Walter Pichler was an Austrian artist who produced a large number of drawings and sculptures, with the aim of exploring the relationship between object and space. Very influenced by the archaic civilizations he designed many projects of underground buildings articulated around nucleus, making these constructions real machines.

An avant-garde sculptor-architect

Walter Pichler (1936-2012) was an Austrian artist, particularly striking for his almost permanent association of sculpture and architectural space. Very influential and at the forefront of the spatial experimentations of the 1970s, he produced a large number of sculptures and drawings marked by a spiritual approach to the object or architectural space. In the 1960s, he began to produce series of architectural projects in which questions of plasticity, symmetry and form were addressed at the antipodes of functionalism. He joined forces with Austrian architects such as Hans Hollein and Raimund Abraham to pursue his anti-rationalist and conceptual approach. In 1963, his collaboration with Hollein led to the manifesto exhibition Architektur at the nächst St. Stephan Gallery in Vienna, the main platform of the Austrian avant-garde at the time. This became the birthplace of the Viennese experimental scene, from which groups such as Coop Himme(l)bau and Haus-Rucker-Co emerged.
Mainly known as a sculptor, Walter Pichler will however have an impact on the architectural production of his contemporaries. He constantly challenged the convictions of the sculptors, architects and designers of the time by continuing to create architectural objects, spatial installations, drawings of utopian cities by playing with perception, space and by freeing himself from the constraint of construction. This is undoubtedly why he sometimes took several years to build his sculptures, multiplying drawings, plans, preparatory models.

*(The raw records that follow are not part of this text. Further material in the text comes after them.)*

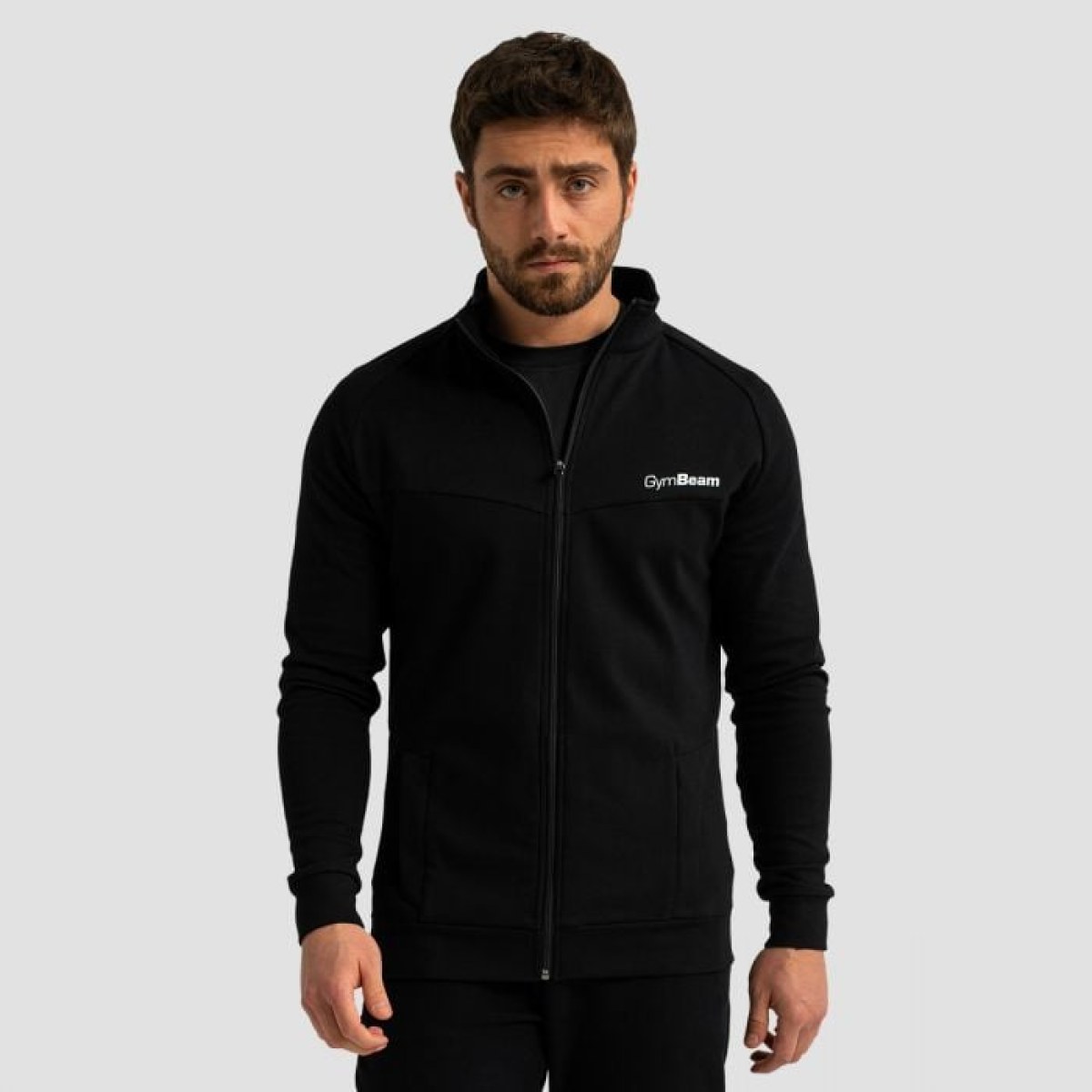 GymBeam Mikina so zipsom Limitless Black MM · záber 1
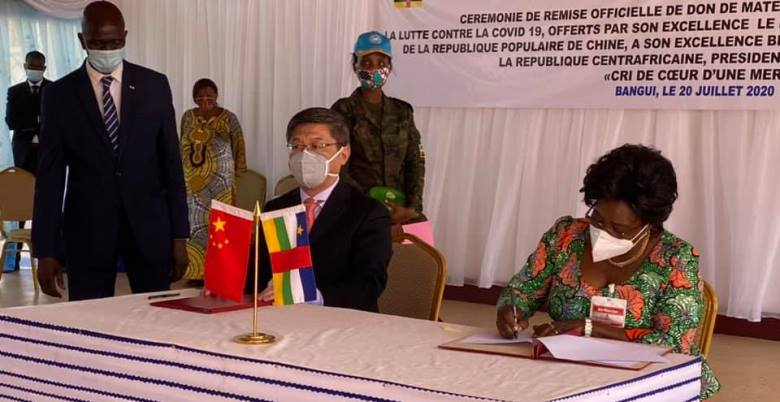 RCA/Covid-19:  répartition du don chinois aux structures sanitaires
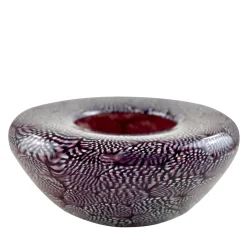 Gambaro e Tagliapietra Ciotola in filigrana bianca e nera> Centrotavola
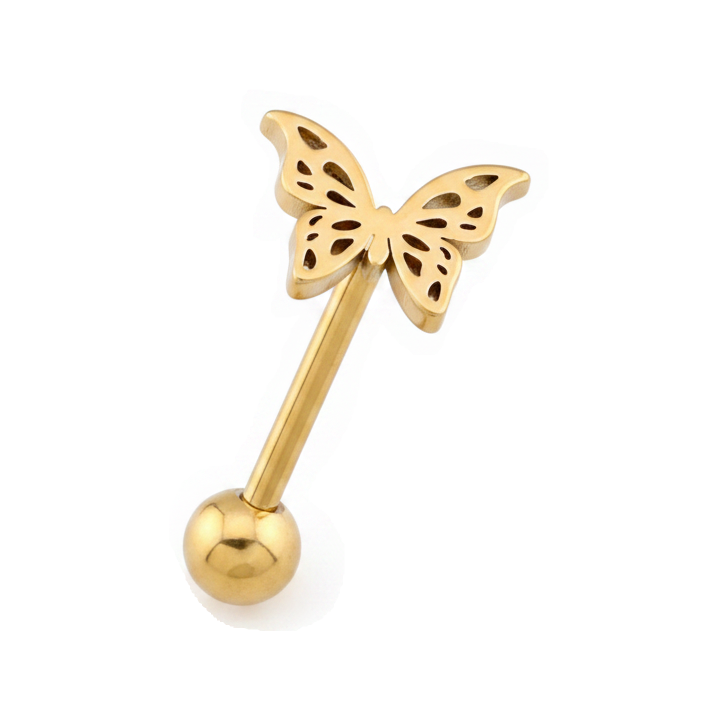 Premium Butterfly Tongue Barbell 14g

Lost civilizations and abandoned dwellings

Following a trip to the United States and Mexico, Walter Pichler oriented his production towards more and more radical architectural and urbanistic proposals such as the Compact City project (1963). With a series of prototypes, he also demonstrated the absurdities of the consumer society. Finally he ended his life in a farmhouse bought in the south of Austria in the 70s. There he experimented with the construction of ritualized places in which the human being is subjected to the power of objects. Each sculpture is built in an architectural space also constructed to resonate with the object. All these installations are built around his studio, a spatial and intellectual nucleus, a theme dear to the artist allowing the sensitive and spatial integration of architecture and sculpture.

Very attracted by archaic civilizations, the Mayan temples he visited during his trip to Mexico had a considerable influence on his work. As in Underground Building Project (1963), he designed numerous machine cities articulated around a nucleus, which represented lost, underground civilizations. Or architectural objects, sometimes buried, witnesses of a long forgotten and isolated civilization. The representation in plan, in perspective, in isometry asserts a culture and an assumed architectural reference.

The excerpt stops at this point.